[Material for this task]
────────────────────────────────────────

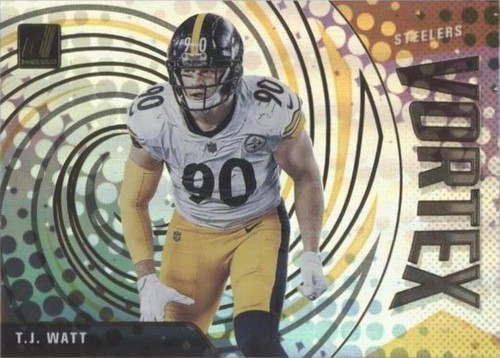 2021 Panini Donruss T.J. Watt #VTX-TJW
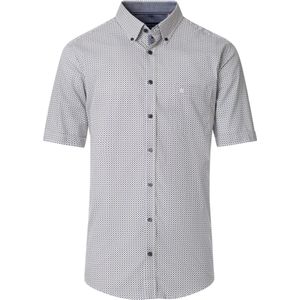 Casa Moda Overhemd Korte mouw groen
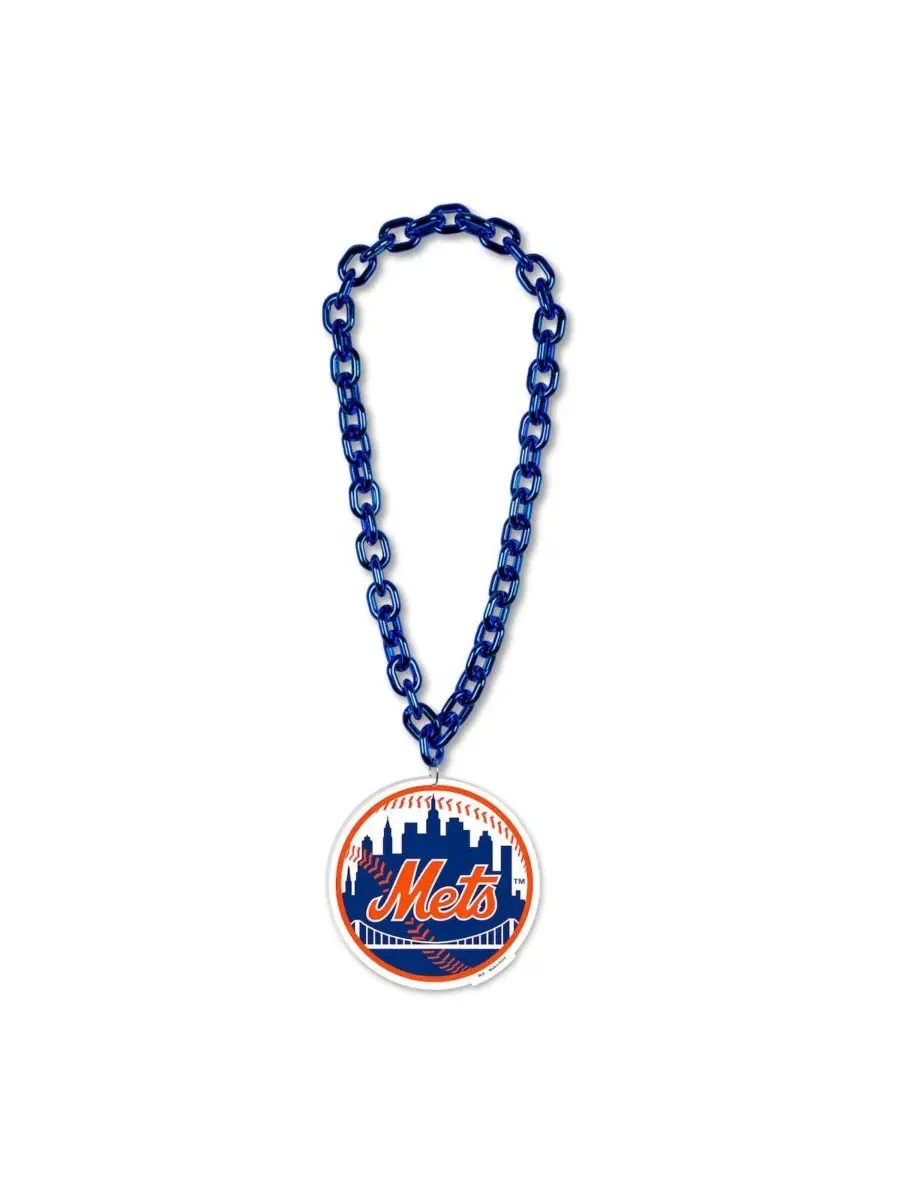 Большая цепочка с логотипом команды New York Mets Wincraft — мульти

────────────────────────────────────────

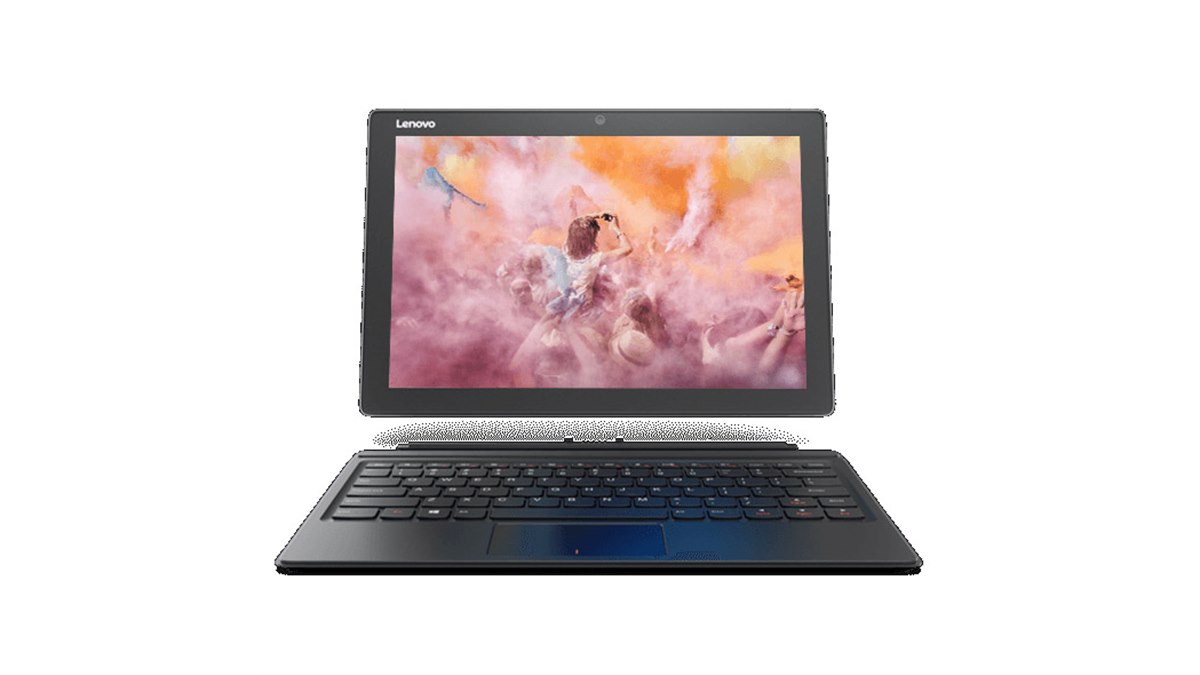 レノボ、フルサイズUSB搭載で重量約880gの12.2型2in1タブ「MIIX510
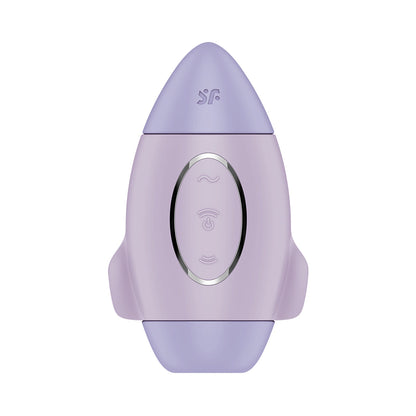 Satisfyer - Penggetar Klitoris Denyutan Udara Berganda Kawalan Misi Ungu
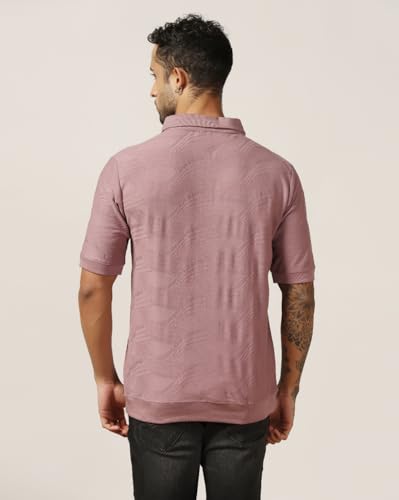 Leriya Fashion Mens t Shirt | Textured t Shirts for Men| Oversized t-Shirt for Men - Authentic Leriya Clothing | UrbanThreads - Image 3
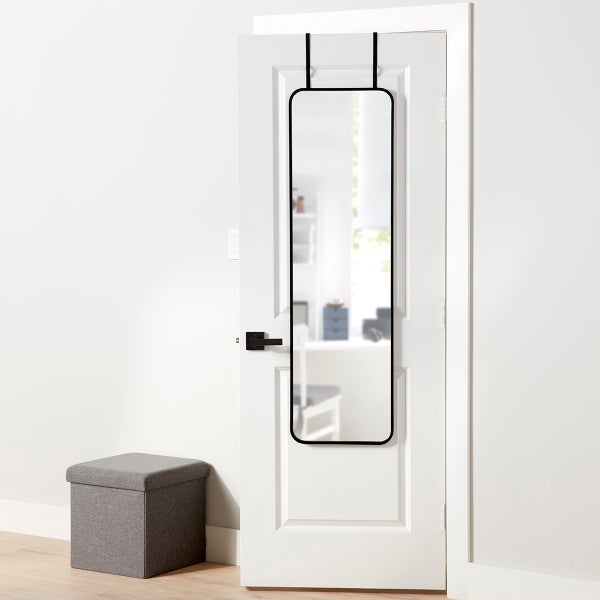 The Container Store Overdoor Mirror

────────────────────────────────────────

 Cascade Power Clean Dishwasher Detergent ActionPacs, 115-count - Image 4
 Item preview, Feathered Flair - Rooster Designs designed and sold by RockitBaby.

────────────────────────────────────────

Print exactly the lines above that run from the one with "2021 Panini Donruss T.J. Watt #VTX-TJW" down to the one with "Большая цепочка с", and omit the pictures.

 2021 Panini Donruss T.J. Watt #VTX-TJW
 Casa Moda Overhemd Korte mouw groen
 Большая цепочка с логотипом команды New York Mets Wincraft — мульти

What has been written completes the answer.